[gclist] Cheaply computing Inverse Reference Graph.

Giuliano Carlini giuliano@ix.netcom.com
Tue, 18 Jun 1996 14:53:55 -0700


A few people have asked about the cost of computing the IRG. I've made 
the claim that it's cheap, and have given partial justifications for 
this belief in prior messages. I thought I'd consolodate them plus add 
an improvement.

As Matt Fuch's has noted, the SSP chain approach constructs a close 
approximation to the IRG between spaces. Close enough that it can be 
used in place of the IRG without inducing a premature reclaim.

What follows is an algorithm to construct a partial IRG through a 
space. This IRG is incomplete, but sufficient for tracing to determine 
if a "zombie" object is dead or live.

The problem with tracing the IRG is that constructing it is an O(n^2) 
algorithm. Computing the full IRG would be much too expensive. The 
solution is to compute only a small part of the IRG. We need to exclude 
as many objects from the computation as possible.

First we can exclude everything but stubs. These are the only objects 
examined by the distributed collector. Second, we can exclude locally 
reachable stubs; these are obviously reachable. Third, we can exclude 
all stubs reachable from non-zombie scions.

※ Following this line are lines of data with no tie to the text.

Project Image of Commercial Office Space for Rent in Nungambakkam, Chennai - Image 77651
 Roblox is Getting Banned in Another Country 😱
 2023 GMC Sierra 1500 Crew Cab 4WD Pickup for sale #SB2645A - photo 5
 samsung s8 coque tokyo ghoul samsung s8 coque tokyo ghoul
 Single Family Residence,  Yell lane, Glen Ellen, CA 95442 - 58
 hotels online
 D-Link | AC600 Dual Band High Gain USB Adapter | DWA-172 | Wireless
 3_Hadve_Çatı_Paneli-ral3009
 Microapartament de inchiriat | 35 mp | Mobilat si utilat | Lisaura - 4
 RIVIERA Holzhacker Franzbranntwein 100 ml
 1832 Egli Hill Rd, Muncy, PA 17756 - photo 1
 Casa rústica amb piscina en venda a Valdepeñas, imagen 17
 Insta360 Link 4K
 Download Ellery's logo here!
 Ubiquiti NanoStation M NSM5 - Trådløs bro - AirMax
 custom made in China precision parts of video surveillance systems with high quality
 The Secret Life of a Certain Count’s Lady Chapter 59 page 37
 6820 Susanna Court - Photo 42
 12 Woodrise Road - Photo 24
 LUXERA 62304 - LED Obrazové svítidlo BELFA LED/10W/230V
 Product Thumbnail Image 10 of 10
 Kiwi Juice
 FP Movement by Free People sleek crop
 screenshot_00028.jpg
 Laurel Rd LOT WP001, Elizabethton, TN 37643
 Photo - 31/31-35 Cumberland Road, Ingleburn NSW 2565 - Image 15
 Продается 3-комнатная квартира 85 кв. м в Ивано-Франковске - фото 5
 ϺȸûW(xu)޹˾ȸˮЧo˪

If a scion has been recently mentioned in an RPC message, then it is 
most likely alive. Therefore, it is treated as live. If we treat it as 
live, then any stub reachable from it should be treated as live. Thus, 
the IRG should not be constructed for any stub reachable from a 
recently mentioned scion. This won't change the objects reclaimed by 
the distributed collector I initially presented, since it already 
treated recently mentioned scions as live. This change will not only 
make building the IRG faster, but it will slightly improve the speed of 
the distributed collector, since it will now never even reach recently 
mentioned scions.

In my first draft, local collection was split into two parts:
	- scanning the local roots: registers, stacks, and globals
	- scanning the scions.
Each part used a different scanner. I called them the "local" and "RV" 
scanners. "RV scanner" was never a good name, but isn't even 
descriptive any more. I'll now calling it the "IRG builder".

Now scanning is split into three parts:
	- scan the local roots with the local scanner.
	- scan non-zombie scions with the local scanner.
	- scan zombie scions with the IRG builder.

It is easy to ensure that almost all scions will not be zombies. 
"Recently mentioned" can be defined according to past history on a per 
scion basis. Thus, even scions which normally lie dormant for long 
periods of time aren't considered zombies.

While quadratic behavior will occur, it should be very rare. Any ideas 
on how to reduce its incidence further?

g